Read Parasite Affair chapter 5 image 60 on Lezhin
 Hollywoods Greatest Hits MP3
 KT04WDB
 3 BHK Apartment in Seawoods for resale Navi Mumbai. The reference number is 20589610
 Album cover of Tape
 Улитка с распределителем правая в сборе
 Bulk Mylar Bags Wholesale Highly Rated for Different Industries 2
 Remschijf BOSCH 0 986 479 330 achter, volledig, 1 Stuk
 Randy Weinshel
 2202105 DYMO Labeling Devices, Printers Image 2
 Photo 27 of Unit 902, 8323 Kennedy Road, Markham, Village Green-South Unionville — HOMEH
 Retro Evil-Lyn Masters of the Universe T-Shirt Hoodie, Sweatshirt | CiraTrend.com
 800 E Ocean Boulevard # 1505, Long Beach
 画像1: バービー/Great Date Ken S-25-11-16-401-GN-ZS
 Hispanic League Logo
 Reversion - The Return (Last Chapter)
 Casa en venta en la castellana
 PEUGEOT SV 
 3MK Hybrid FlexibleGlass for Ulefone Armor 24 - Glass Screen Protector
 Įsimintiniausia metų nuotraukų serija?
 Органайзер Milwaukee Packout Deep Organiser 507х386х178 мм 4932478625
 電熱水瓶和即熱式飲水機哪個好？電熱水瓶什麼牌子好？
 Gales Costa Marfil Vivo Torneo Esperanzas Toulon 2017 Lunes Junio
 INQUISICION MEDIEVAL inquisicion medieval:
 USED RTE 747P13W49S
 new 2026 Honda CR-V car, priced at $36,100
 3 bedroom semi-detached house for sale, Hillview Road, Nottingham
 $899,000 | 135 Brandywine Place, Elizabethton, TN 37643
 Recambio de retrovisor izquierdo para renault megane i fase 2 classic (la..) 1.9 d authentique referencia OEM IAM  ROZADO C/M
......
**Your objective:**
An exact reproduction of all the records is required.

**Answer section:**
Read Parasite Affair chapter 5 image 60 on Lezhin
 Hollywoods Greatest Hits MP3
 KT04WDB
 3 BHK Apartment in Seawoods for resale Navi Mumbai. The reference number is 20589610
 Album cover of Tape
 Улитка с распределителем правая в сборе
 Bulk Mylar Bags Wholesale Highly Rated for Different Industries 2
 Remschijf BOSCH 0 986 479 330 achter, volledig, 1 Stuk
 Randy Weinshel
 2202105 DYMO Labeling Devices, Printers Image 2
 Photo 27 of Unit 902, 8323 Kennedy Road, Markham, Village Green-South Unionville — HOMEH
 Retro Evil-Lyn Masters of the Universe T-Shirt Hoodie, Sweatshirt | CiraTrend.com
 800 E Ocean Boulevard # 1505, Long Beach
 画像1: バービー/Great Date Ken S-25-11-16-401-GN-ZS
 Hispanic League Logo
 Reversion - The Return (Last Chapter)
 Casa en venta en la castellana
 PEUGEOT SV 
 3MK Hybrid FlexibleGlass for Ulefone Armor 24 - Glass Screen Protector
 Įsimintiniausia metų nuotraukų serija?
 Органайзер Milwaukee Packout Deep Organiser 507х386х178 мм 4932478625
 電熱水瓶和即熱式飲水機哪個好？電熱水瓶什麼牌子好？
 Gales Costa Marfil Vivo Torneo Esperanzas Toulon 2017 Lunes Junio
 INQUISICION MEDIEVAL inquisicion medieval:
 USED RTE 747P13W49S
 new 2026 Honda CR-V car, priced at $36,100
 3 bedroom semi-detached house for sale, Hillview Road, Nottingham
 $899,000 | 135 Brandywine Place, Elizabethton, TN 37643
 Recambio de retrovisor izquierdo para renault megane i fase 2 classic (la..) 1.9 d authentique referencia OEM IAM  ROZADO C/M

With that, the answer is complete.